Her: "Hey, I left my phone in my boyfriend's apartment. Would you mind letting me in?"
Me: "Sure. No problem."
She waited as I grabbed the bags out of my trunk. We walked into the building together, making small talk about the cold. After we made it inside, she said "Thanks again" and presumably went to her boyfriend's place. I walked down the hall to my place.
The entire situation took less than 90 seconds. But there were so many levels of racial, cultural, and even sexual context packed into that minute and a half that, instead of continuing to write in paragraphs, I'm just going to list them.

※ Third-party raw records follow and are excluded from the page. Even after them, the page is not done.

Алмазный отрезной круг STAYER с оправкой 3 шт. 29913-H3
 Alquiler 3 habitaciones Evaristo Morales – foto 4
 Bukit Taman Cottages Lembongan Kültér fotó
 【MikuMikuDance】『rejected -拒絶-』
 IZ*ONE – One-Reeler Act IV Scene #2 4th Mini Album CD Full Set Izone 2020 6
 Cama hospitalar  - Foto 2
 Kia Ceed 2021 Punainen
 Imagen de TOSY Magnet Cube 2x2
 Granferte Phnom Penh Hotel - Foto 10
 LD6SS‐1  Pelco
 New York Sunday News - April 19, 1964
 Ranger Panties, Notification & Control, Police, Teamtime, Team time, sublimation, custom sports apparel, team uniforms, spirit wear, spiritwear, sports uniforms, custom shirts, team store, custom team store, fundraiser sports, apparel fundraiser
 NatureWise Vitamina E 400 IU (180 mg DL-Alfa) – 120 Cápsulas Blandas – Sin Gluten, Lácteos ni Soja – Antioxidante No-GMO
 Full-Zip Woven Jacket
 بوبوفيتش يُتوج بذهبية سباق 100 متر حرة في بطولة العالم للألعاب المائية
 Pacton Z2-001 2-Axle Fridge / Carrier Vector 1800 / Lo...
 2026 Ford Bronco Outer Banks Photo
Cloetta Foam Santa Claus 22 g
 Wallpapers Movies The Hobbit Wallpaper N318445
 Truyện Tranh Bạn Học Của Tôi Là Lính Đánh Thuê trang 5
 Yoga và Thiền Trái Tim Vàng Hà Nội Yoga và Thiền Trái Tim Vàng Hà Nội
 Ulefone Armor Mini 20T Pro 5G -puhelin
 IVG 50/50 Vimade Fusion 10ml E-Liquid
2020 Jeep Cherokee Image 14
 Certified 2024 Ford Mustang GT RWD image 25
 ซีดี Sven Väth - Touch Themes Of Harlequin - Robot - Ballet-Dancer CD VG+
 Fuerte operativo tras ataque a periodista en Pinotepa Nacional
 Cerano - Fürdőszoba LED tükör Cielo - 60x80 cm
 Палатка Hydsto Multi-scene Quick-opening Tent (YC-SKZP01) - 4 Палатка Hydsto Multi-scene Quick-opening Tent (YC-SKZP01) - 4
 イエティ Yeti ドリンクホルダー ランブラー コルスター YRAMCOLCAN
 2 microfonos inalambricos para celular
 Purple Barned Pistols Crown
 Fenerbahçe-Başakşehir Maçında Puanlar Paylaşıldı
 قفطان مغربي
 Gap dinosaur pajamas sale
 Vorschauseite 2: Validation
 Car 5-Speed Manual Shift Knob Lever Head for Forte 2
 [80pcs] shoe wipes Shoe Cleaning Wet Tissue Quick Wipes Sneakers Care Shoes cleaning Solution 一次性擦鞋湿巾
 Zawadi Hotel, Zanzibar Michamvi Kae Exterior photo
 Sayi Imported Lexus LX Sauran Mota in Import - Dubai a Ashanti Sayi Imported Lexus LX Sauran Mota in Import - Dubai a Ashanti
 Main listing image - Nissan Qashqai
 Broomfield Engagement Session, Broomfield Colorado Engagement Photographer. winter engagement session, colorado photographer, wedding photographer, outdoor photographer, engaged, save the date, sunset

1. If she were me and I were her, I could not have done what she did. Actually, let me rephrase that. I could have done it. I could have stood by a gate surrounding a building in a somewhat sketchy neighborhood, waited for a car to drive up, followed that car — a car driven by a young White woman — into the parking lot, and then approached the woman as she got out of her car. But it would not have been smart for me to do it.
2. As I just stated, unless it was a dire emergency, I would not have done what she did. Which makes me think about all the things we (Black people, Black men specifically) choose not to do because we're aware of how it might be perceived.
3. It also made me think of perhaps the most underrated and pervasive part of White privilege: freedom. Being a cute, 20-something White girl allows her a freedom from being considered a physical threat. Which gives you the freedom to do certain things that, if other people did them, might be considered threatening.
4. We (Black people) are also not immune to certain racially-tinged feelings about other Black people. As I write this, I'm asking myself if I would have reacted differently if, instead of some 20-something White woman I'd never seen before following and approaching me, it was a 20-something Black man dressed the same way (black sweats, a parka, and black sneakers) and needing to get into his girlfriend's place. I want to say no. But, I'm not sure.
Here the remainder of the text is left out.